About three decades ago, animator and lone American member of Monty Python's Flying Circus Terry Gilliam went from auteur curiosity to a filmmaker of note almost overnight with his cult-classic Brazil, a dark sci-fi comedy that was as famous for its one-of-a-kind visuals and endlessly inventive direction as it was for Gilliam's battle with studio executives to get his preferred version of the film released to theaters with its brilliantly twisted true ending.
Set in a bizarre dystopian future, Brazil was an absurd escapist satire of the-present day corporate culture in which a daydreamer office-drone falls into a rabbit hole of adventure, paranoia and misunderstanding when he stumbles into conspiracy unleashed by a flaw in corporate machine in which he has always been a cog.
Gilliam has had his share of successes since then, but Zero Theorem represents the first time in three decades he's seemed to be directly revisiting the themes and ideas of Brazil in a new context.
Intentionally or not, Gilliam's tics and fetishes are so specific and his futurism so distinct that its almost impossible to read the film as anything but a Brazil for the 21st Century and the digital age. It presents a new but familiar dystopia where so much of human experience and interaction has been consigned to the web that no one seems to notice the physical world crumbling around them -- and where put-upon code-crunching tech-support workers, programmers and systems managers have replaced anonymous accountants as the new image of tragic, interchangeable corporate servitude.
One such coder is Christophe Waltz as a Qohen Lett, a depressed and disturbed master coder living as a shell of a man after having awoken from what we're told was a prior life of addiction and hedonism. His main goal is to finagle a disability waiver so that he can do his coding from home -- the better to wait for a phone call he expects to come at any moment which will tell him the purpose of his life.
Speaking of coding: The film's visual centerpieces includes one of the most depressingly-plausible visions of what computers of the future might look like: Vertically-oriented monstrosities where keyboards have been replaced by tablet/controller hybrids and all activities from coding to surfing to communicating have been "gamified" into a nightmare cross between Minecraft and slide-puzzles.
What sets the film apart most from not only Brazil but most of Gilliam's other films is that it's clear almost immediately that the actual plot is secondary to the moment-by-moment vignettes -- an excuse to watch Waltz's decaying sad-sack shuffle through his failing world as a blunt caricature of our own.
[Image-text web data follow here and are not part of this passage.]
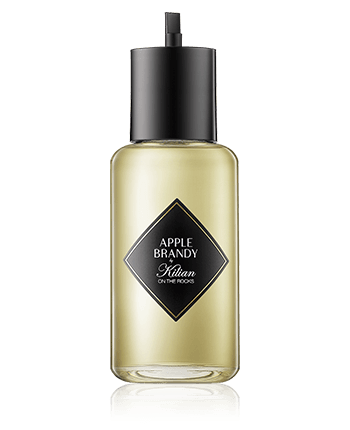 Kilian The Liquors Apple Brandy On The Rocks Eau de Parfum Navulling (100 ml)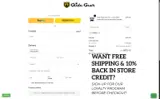 SJAMC5 coupon verification screenshot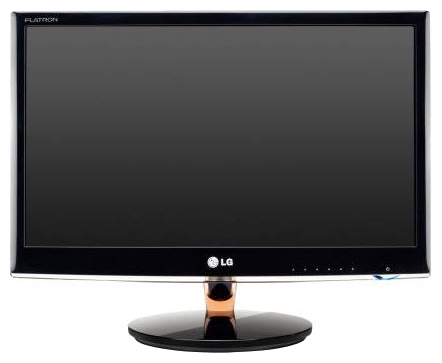 Монитор  LG  IPS226V-PN LED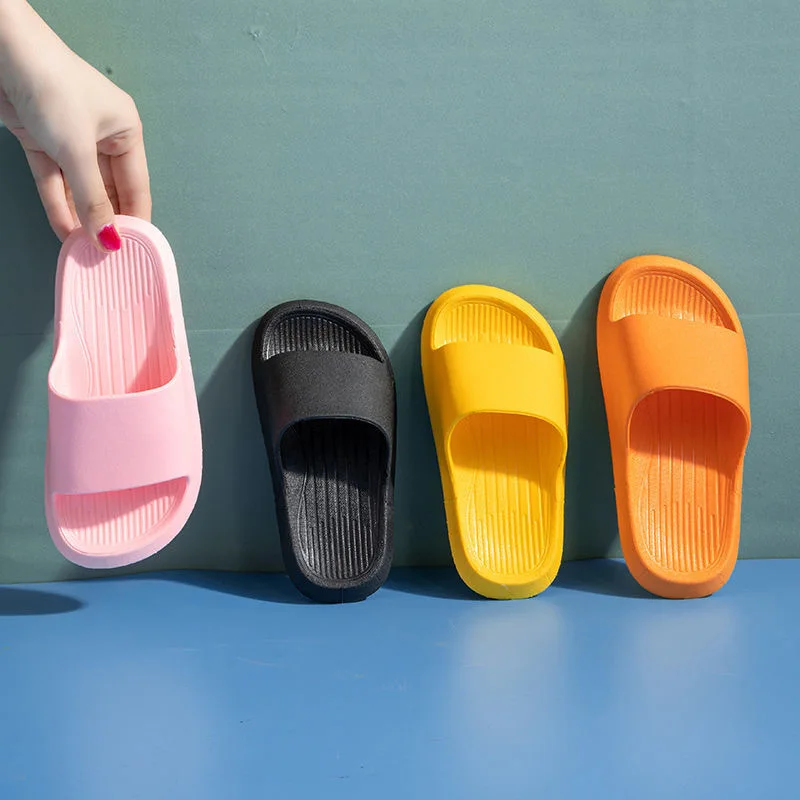Sandalias para niños, zapatos  - Kids Indoor Outdoor Slippers reseña y precio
Y'know, in case the central presence of a zombie-like tech-whiz seeking to wall himself up at home and wait for someone else to hand him life direction was too subtle for you.
In what's technically the story proper, Qohen is granted his dream of telecommuting from home on the condition that he undertake his company's most difficult code-cracking assignment: Solving the so-called "Zero Theorem." This is a theoretical math equation similar to the "Big Crunch Theory" wherein 0 can be made to equal 100% -- thus empirically proving that everything adds up to nothing and thus life, the universe and existence itself are utterly meaningless.
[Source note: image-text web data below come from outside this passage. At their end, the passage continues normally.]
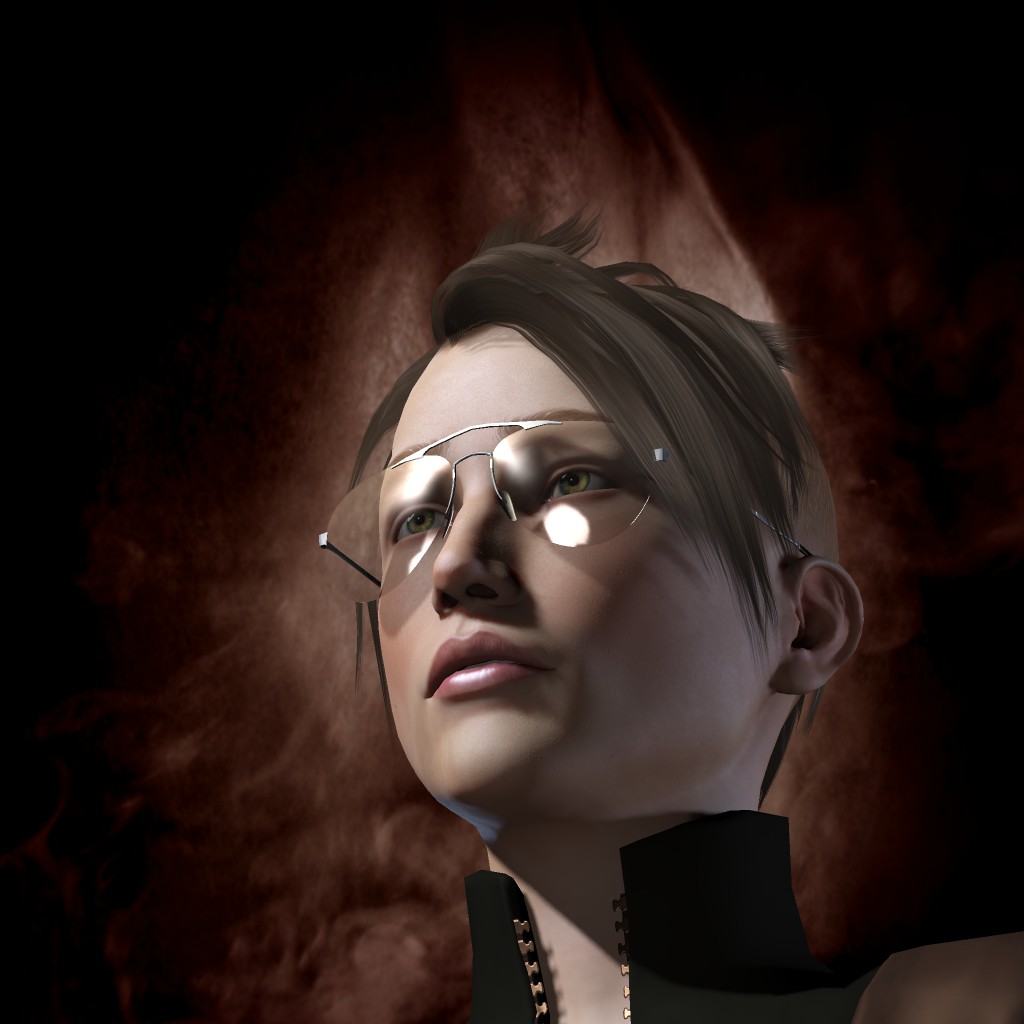 Wendy Outlier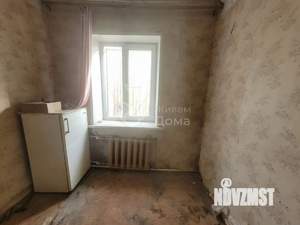 3-к квартира, вторичка, 15м2, 1/2 этаж
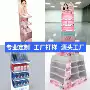 定制商超陈列pvc展架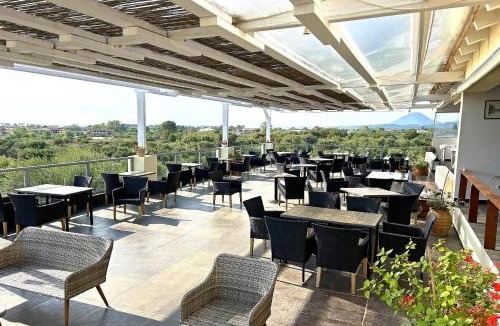 Ag. Georgios Hotel | Likithos Village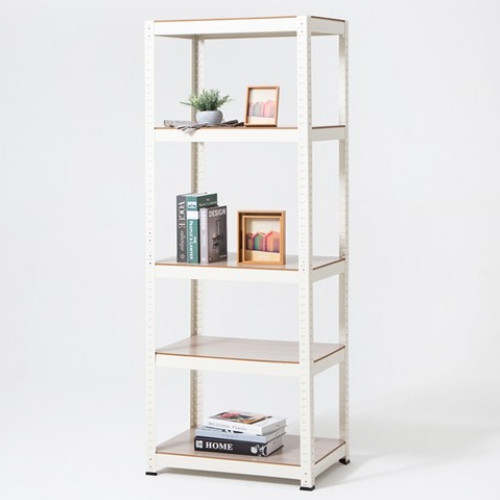 앵글 선반 5단 600x400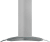 30" in Stainless Steel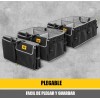 Organizador Cajuela Cat Chevy Silverado 1500 2010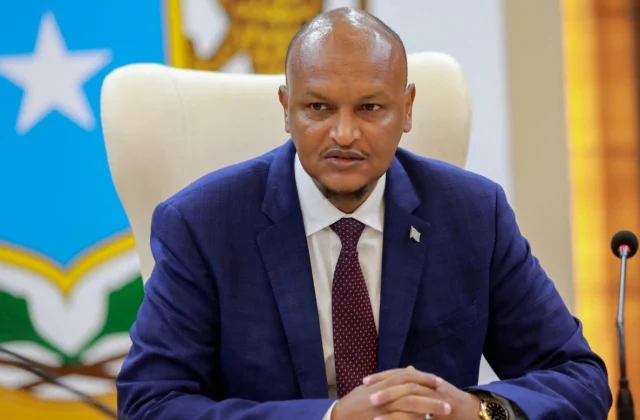 “Waxaa naga go’an in Doorashada 20/21 aysan dib uga dhicin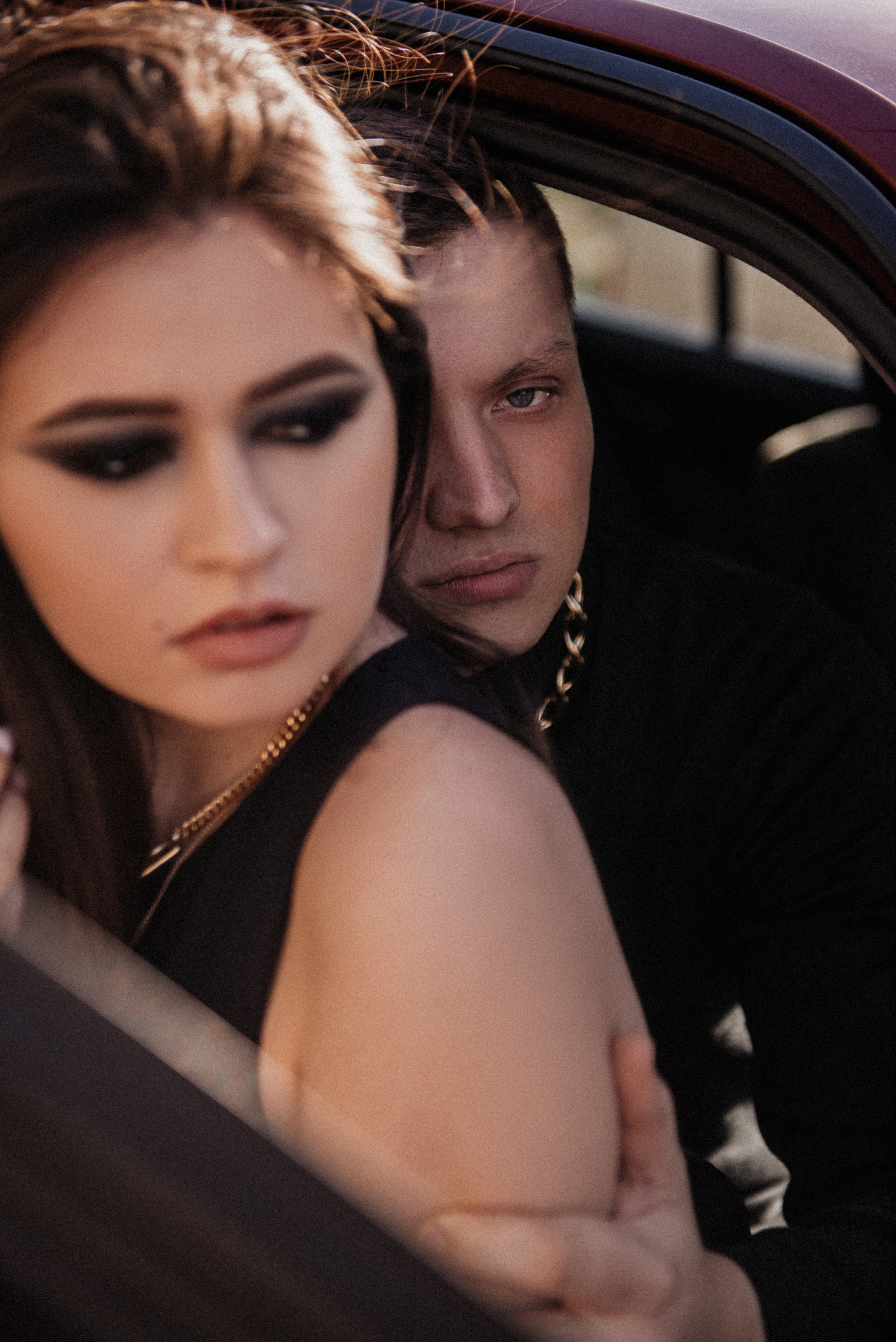 Настя + Вова. Свадебный и семейный фотограф в Волгограде Олеся Лисицкая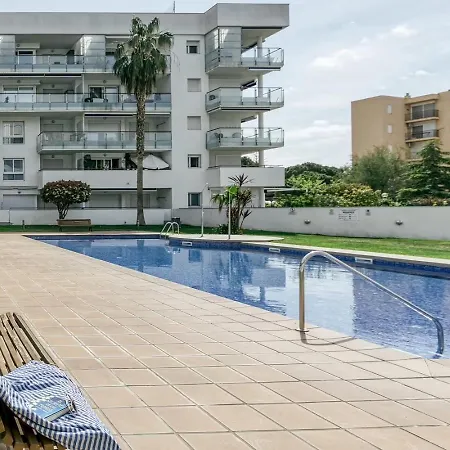 Apartment Atico Terraza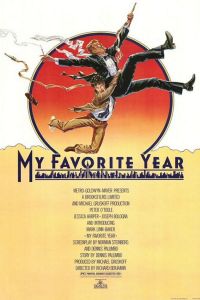 My Favorite Year (1982)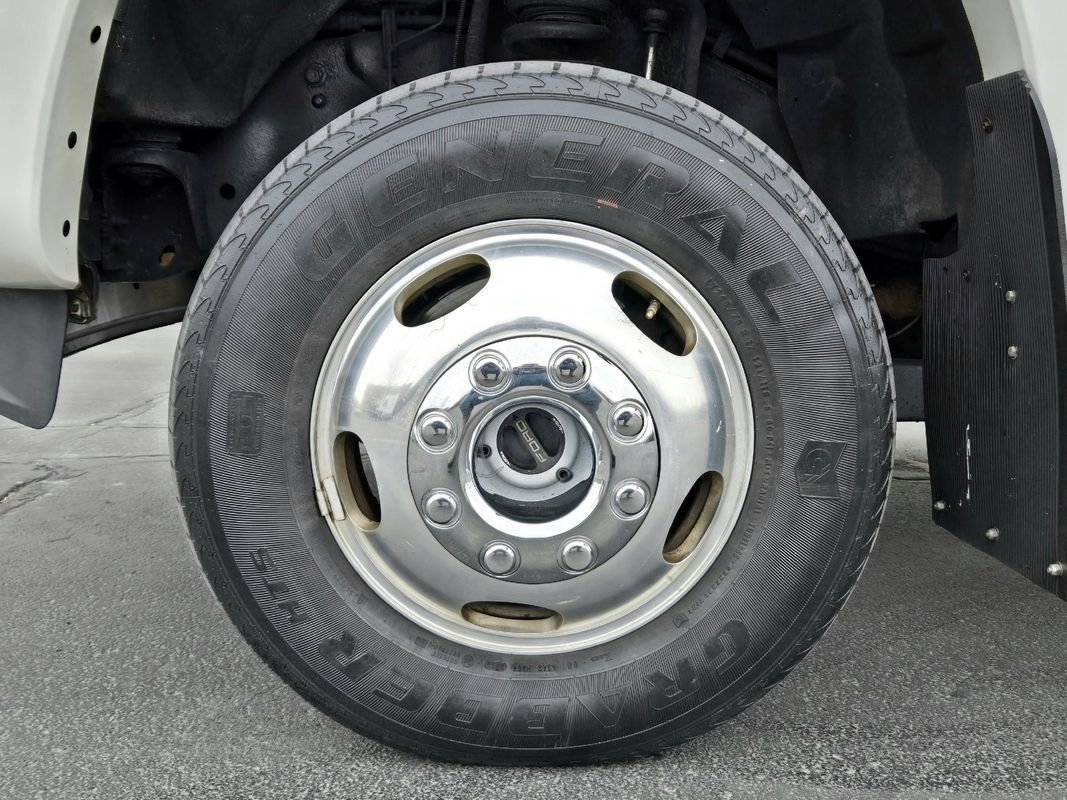 Used 2014 Ford F450 Platinum image 17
As he attempts to work out the problem, Qohen finds his life invaded by everyone from company thugs to middle-managers to his employer's tech-hotshot teenage son, some of whom claim to be able to help but some of whom also imply that proving the Zero Theorem could have disastrous and sinister consequences in and of itself. He also encounters Melanie Thierry as a mysterious woman who offers him escape into virtual romantic fantasies that he begins to believe could be made real.
Unfortunately, this character feels strangely retrograde and out of place in what's otherwise an exceptionally of-the-moment story: Trotting out the ancient geek-fantasy cliche of the benevolent lifecoach/lover/saviour girl brings to mind the most dated cliches of bad 90s cyberpunk rather than the mindbending post-digital ruminations that inform the rest of the story, regardless of how compelling Thierry is from scene to scene.
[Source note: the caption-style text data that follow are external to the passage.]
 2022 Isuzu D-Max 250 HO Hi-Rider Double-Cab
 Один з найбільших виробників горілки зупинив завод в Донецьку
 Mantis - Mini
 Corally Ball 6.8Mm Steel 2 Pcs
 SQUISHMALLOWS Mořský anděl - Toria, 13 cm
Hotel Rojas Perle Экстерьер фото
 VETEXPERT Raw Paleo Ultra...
You also do start to notice how much budget constraints seemingly keep the action locked into a handful of admittedly impressive sets, with much of the film's scope noticeably described and suggested rather than shown. Still, it's a treat to see actors inhabiting Gilliam's trademark elaborate, detail-packed physical sets after the occasional greenscreen overuse that hampered The Imaginarium of Doctor Parnassus. The world feels small, but vital and lived-in.
I'm not sure Zero Theorem adds-up to the omniscient Last Word on techie-isolationism that it aims to be, but its fascinating filmmaker whose dogged refusal to stop plugging away at his own unsolvable puzzles has made him an idiosyncratic hero unto himself. The film has already run in various territories and film festivals worldwide and is currently playing on demand in the U.S. before a limited theatrical release next week. I'd call it worth checking out, if for no other reason that you won't see anything else like it any time soon.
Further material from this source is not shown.